I love editing. It’s probably the most unique form of art ever created.

What’s so powerful about editing is that you can take an ordinary movie clip and make it look amazing. You can string together a bunch of ordinary movie clips, color correct, add music, and bam, you have a fantastic movie. It’s a powerful thing.

The thing is, movies are never made perfect. There are a ton of things that happen during filming that can only be fixed with editing. If the microphone picks up some irritating background noise, you can edit it out. If there’s a scene that is too dark, you can brighten it. If you really want to edit someone out because you don’t like them, then you can do it (but doing that takes way too long).

Editing takes a movie and gives it life. There are so many possibilities with editing. The artistic spectrum is ridiculously broad. There are a ton of different styles, defined simply by clip placement, timing, and use of music. It makes movies art.

I used to want to be an editor because I loved seeing movies unravel before me. Every time I make a video, I look forward to editing. Sure, the raw footage sometimes looks good. But editing gives it life—it turns that footage into a living, breathing entity that tells a story. Without editing, movies would not look like they way they do. Special effects could not be achieved. Bad scenes would be preserved. Simply put, editing makes movies what they are.

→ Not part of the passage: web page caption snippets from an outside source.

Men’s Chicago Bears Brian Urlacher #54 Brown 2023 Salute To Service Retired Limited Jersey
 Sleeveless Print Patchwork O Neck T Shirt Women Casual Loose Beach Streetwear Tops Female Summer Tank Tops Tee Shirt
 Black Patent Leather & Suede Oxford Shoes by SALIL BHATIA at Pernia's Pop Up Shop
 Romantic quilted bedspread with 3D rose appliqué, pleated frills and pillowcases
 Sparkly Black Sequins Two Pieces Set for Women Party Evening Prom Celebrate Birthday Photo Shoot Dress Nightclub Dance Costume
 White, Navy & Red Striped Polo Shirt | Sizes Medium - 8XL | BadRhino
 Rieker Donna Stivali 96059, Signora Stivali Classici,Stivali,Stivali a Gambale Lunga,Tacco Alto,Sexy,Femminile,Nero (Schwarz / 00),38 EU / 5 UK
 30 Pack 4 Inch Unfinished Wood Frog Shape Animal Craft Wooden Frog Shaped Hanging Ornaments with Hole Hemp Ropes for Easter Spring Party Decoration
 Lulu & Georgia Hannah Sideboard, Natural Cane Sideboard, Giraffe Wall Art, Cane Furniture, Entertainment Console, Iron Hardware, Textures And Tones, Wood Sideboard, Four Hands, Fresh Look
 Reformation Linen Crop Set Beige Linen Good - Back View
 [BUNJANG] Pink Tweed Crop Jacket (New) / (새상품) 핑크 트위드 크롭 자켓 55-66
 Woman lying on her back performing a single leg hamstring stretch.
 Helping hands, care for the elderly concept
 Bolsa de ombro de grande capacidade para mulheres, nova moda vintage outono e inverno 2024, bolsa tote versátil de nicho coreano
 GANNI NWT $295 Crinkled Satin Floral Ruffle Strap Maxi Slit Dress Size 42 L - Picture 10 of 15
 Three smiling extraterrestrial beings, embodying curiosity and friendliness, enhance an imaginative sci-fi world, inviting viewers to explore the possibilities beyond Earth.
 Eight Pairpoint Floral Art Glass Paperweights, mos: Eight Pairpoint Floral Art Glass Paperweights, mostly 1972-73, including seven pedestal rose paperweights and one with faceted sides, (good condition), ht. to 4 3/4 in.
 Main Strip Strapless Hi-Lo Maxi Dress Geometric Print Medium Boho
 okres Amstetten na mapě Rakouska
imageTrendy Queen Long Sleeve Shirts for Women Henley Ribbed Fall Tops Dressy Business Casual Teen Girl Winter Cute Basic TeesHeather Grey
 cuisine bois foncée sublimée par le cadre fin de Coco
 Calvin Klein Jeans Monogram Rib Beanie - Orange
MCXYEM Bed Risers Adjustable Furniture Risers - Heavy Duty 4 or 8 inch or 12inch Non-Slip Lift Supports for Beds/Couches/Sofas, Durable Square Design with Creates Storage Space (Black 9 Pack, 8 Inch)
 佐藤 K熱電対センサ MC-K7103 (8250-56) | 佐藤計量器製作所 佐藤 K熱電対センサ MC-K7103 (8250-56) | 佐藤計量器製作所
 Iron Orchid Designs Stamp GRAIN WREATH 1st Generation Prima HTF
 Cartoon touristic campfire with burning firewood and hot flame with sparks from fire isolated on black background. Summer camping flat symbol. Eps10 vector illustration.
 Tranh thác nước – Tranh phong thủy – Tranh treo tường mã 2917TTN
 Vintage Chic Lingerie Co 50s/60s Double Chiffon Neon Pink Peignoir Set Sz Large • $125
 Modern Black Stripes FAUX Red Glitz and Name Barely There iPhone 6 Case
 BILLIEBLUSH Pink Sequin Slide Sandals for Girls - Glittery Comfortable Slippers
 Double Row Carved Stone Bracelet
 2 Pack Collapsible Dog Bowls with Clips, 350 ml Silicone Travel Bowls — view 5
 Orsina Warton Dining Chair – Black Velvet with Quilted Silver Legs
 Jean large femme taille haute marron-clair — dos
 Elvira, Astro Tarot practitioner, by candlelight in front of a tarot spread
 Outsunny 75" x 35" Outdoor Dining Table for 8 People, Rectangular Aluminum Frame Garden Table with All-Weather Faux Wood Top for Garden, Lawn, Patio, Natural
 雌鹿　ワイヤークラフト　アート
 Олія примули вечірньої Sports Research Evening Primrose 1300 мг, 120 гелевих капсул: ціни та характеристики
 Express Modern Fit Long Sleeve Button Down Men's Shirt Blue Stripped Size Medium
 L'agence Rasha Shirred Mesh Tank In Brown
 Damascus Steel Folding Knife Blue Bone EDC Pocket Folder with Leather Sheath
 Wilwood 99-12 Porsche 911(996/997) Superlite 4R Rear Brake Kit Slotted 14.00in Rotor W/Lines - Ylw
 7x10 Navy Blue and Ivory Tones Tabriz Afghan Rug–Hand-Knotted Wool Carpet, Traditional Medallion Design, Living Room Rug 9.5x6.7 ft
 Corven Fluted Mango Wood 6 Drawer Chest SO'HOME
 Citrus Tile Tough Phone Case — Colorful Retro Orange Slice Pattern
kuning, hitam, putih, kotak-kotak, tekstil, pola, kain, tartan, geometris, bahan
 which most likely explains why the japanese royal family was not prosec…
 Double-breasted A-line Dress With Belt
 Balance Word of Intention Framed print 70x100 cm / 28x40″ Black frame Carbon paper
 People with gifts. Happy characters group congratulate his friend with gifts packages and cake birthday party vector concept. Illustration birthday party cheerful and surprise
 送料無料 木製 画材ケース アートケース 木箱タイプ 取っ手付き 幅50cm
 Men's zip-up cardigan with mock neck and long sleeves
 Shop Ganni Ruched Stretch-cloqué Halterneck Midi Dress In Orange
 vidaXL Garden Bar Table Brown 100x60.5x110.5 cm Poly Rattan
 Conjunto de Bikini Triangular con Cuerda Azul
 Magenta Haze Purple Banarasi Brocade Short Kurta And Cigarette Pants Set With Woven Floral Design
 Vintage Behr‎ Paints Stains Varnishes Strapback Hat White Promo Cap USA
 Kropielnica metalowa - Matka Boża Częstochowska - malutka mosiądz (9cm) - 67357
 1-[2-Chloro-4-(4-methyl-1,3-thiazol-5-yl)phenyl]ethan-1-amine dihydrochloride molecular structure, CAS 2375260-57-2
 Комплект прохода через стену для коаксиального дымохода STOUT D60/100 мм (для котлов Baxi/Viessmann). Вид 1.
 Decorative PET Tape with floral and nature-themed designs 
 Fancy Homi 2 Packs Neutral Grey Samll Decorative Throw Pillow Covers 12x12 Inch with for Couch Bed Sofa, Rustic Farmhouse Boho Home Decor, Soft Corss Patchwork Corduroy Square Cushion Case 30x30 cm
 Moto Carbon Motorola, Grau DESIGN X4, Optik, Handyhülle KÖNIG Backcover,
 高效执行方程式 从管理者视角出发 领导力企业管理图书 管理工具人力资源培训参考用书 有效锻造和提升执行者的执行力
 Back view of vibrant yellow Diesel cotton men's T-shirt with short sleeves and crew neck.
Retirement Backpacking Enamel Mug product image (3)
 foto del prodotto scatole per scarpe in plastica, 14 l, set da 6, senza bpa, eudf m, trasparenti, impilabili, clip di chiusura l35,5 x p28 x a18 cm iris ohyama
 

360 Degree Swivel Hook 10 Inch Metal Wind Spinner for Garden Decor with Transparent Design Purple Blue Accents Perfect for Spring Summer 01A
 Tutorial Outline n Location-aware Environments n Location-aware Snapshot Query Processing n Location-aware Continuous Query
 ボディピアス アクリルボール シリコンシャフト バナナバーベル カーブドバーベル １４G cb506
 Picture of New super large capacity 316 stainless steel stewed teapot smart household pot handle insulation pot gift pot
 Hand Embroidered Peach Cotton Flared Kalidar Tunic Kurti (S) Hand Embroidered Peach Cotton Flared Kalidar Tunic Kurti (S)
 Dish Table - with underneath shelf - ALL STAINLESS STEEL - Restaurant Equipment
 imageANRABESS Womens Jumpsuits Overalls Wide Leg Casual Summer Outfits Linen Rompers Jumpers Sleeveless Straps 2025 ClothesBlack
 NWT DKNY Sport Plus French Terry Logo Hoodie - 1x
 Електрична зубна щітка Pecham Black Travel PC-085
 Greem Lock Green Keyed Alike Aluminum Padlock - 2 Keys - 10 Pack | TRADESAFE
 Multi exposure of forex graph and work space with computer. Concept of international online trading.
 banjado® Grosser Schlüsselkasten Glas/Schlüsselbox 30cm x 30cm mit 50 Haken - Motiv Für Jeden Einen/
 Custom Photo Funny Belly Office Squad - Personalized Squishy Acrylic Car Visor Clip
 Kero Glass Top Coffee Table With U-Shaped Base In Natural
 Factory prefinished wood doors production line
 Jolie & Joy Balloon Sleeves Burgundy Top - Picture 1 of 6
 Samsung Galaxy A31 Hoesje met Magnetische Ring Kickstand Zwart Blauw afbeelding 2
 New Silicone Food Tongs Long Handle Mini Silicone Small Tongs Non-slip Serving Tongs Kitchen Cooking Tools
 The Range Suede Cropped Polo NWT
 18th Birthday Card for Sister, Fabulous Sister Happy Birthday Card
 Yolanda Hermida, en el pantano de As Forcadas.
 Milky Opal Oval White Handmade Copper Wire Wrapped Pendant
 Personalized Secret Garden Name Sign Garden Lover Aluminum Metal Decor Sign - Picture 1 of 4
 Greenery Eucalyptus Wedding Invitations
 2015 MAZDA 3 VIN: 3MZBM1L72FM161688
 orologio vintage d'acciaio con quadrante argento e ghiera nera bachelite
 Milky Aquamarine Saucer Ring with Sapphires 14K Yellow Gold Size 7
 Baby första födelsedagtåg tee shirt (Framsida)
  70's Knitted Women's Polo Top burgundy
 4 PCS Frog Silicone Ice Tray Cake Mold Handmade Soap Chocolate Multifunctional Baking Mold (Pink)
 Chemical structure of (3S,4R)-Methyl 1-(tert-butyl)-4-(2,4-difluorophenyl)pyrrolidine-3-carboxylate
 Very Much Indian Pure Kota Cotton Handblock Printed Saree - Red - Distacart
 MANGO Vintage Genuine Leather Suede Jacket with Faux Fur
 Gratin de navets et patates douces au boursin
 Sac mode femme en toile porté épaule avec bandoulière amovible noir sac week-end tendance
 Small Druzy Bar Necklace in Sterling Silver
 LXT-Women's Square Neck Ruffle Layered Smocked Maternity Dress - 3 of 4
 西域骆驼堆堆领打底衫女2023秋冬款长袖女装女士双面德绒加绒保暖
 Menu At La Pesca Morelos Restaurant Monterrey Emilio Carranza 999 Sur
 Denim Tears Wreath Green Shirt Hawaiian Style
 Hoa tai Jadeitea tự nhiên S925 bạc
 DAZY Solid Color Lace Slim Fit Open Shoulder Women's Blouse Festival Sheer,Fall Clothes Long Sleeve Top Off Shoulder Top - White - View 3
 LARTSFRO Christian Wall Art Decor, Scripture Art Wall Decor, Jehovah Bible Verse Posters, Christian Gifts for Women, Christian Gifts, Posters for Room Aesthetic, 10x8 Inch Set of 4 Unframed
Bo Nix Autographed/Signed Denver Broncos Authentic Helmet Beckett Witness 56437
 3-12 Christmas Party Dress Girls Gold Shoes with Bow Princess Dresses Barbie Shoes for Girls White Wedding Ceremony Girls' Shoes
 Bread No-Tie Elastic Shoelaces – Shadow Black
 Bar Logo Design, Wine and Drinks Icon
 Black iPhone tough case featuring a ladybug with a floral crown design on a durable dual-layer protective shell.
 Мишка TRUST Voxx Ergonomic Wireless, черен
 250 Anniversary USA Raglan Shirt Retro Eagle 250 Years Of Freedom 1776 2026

Some of my videos, like UNDERFIRE War, started off looking like pure crap—we looked like such idiots, running around with Nerf guns and pretending to shoot each other. That video is intense because of editing. The music, the sound effects, the pace of the action, the intensity, are all achieved through editing. It’s unlike anything else.

Some may not enjoy editing as much as I do. But everyone should appreciate how much video editing does for movies. It’s not easy, and it’s not a fast process, but damn, it sure does deliver.